Why Is Antisemitism Still Around?

​​Why is it that even post-Holocaust, Jews experience a large percentage of the world’s hate crimes, despite being less than 0.2% of the world’s population? That’s because the Holocaust wasn’t an antisemitic exception — it was the culmination of  years of religious, scientific, cultural and political anti-Jewish sentiment. This foundation still exists today. Many still subscribe to anti-Jewish conspiracy theories, resulting in disproportionately high statistics of anti-Jewish sentiment and large numbers of hate crimes. 

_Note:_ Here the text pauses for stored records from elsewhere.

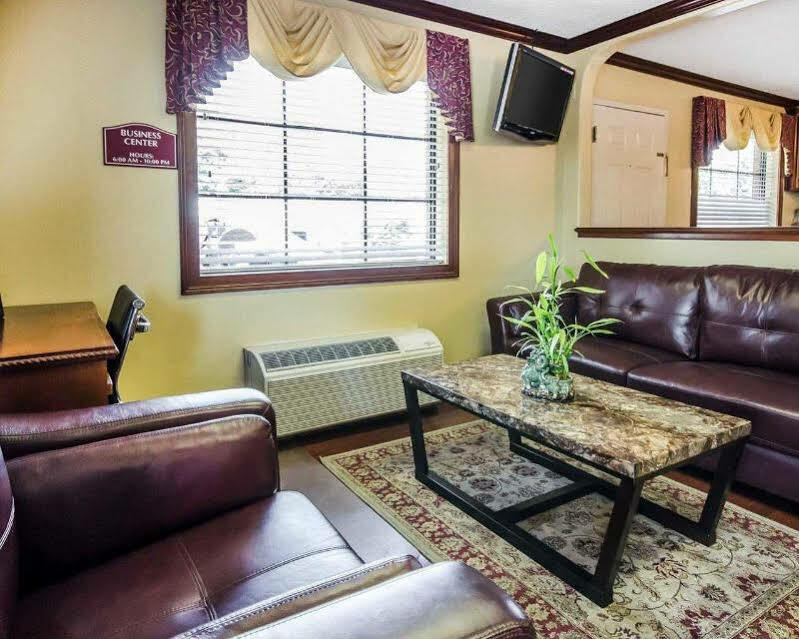 Econo Lodge Russellville Экстерьер фото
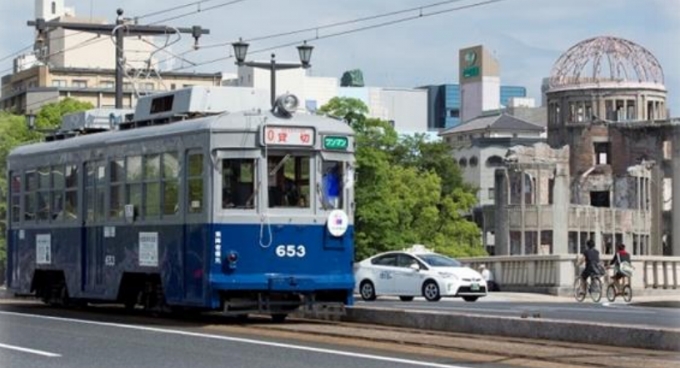 画像：広島電鉄の「被爆電車」と原爆ドーム - 「広島電鉄、7月下旬から8月下旬まで恒例「被爆電車」特別運行を実施へ」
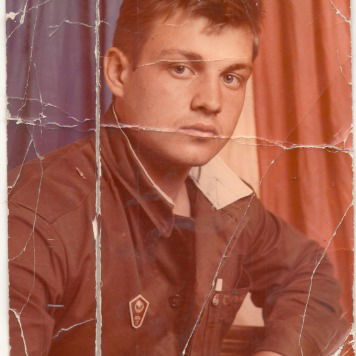 Олег Сальников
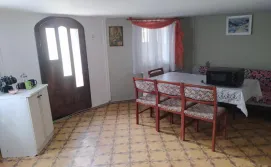 Гостьовий будинок у Юлії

  1. True or false?: Antisemitism disappeared after the end of the Holocaust:
    • True
    • False
  2. Which of the following facts about the Holocaust are true?
    • It was a culmination of antisemitism
    • It didn’t happen in a vacuum
    • It happened after centuries of anti-Jewish ideas and assumptions
    • All of the above
  3. What percentage of the European population do Jews make up?
    • Around 10%
    • 8 %
    • Less than 0.2 %
    • 18%
  4. True or false?: Most Europeans have never met a Jew before.
    • True
    • False
  5. Antisemitism exists in which of the following places?
    • Mostly in Europe
    • In the USA
    • In the Arab world
    • All of the above
  1. Why do you think antisemitism still exists and what do you think is the best way to respond to it?
  2. What role do you think the following groups should have in combating antisemitism?
    • Yourself
    • Your school leaders
    • Your community leaders
    • Your elected officials
    • Social media companies
    • The State of Israel
  3. How is antisemitism similar to or different from other forms of group hatred?
  4. Historically, antisemites have blamed Jews for everything, from being disloyal citizens to controlling the media and politics, from being communists to being capitalists and even the blood libel of killing Christian children to use their blood in the baking of matzah. Why do you think Jews were and are still scapegoated for all of society’s problems? What do people gain from scapegoating another group?
  5. How are Jews today affected by antisemitism? Also, what kind of impact do you think antisemitism has on others within society?
  1. Interview: Sit down with an older relative and interview them about their experience with antisemitism. Ask them how antisemitism has affected their lives, how they view antisemitism today compared to when they were growing up and what they think can be done about it. Film the interview and show the key moments to your fellow students.
  2. Play “spectrum” with your students. Designate one side of the room as agree and the other side as disagree. Have them stand along the spectrum where they most identify based on the following statements:
    • I feel comfortable publicly identifying as Jewish
    • Antisemitism will not go away
    • I have the power to help end antisemitism
    • The situation for Jews today is improving
      After moving to where they most agree, students should discuss with the other students there why they chose that area and then open the conversation to the whole group to explain their stances. Students may change where they stand based on the conversation. This game can be played virtually as well by using the chat function and breakout rooms.
  3. Play our Kahoot about “Why Is Antisemitism Still Around?”
  1. Have you ever personally experienced antisemitism? Share your experience with the larger group.
  2. Journal your response to this statement “Just as slavery’s abolition in America didn’t end racism, the defeat of Nazi Germany didn’t end antisemitism.”
  3. Read the following statistics from a study performed by the European Union’s Agency for Fundamental Rights:
    • Nearly 40% of European Jews were afraid of publicly identifying as Jewish.
    • Nearly half were worried about being the victim of antisemitic harassment in the next 12 months.
    • And one-third feared being the victim of a physical assault.

How do you feel after seeing these statistics? Do you identify with any of the sentiments that exist amongst many European Jews wherever you live? ie: Do you or would you feel comfortable publicly identifying as Jewish?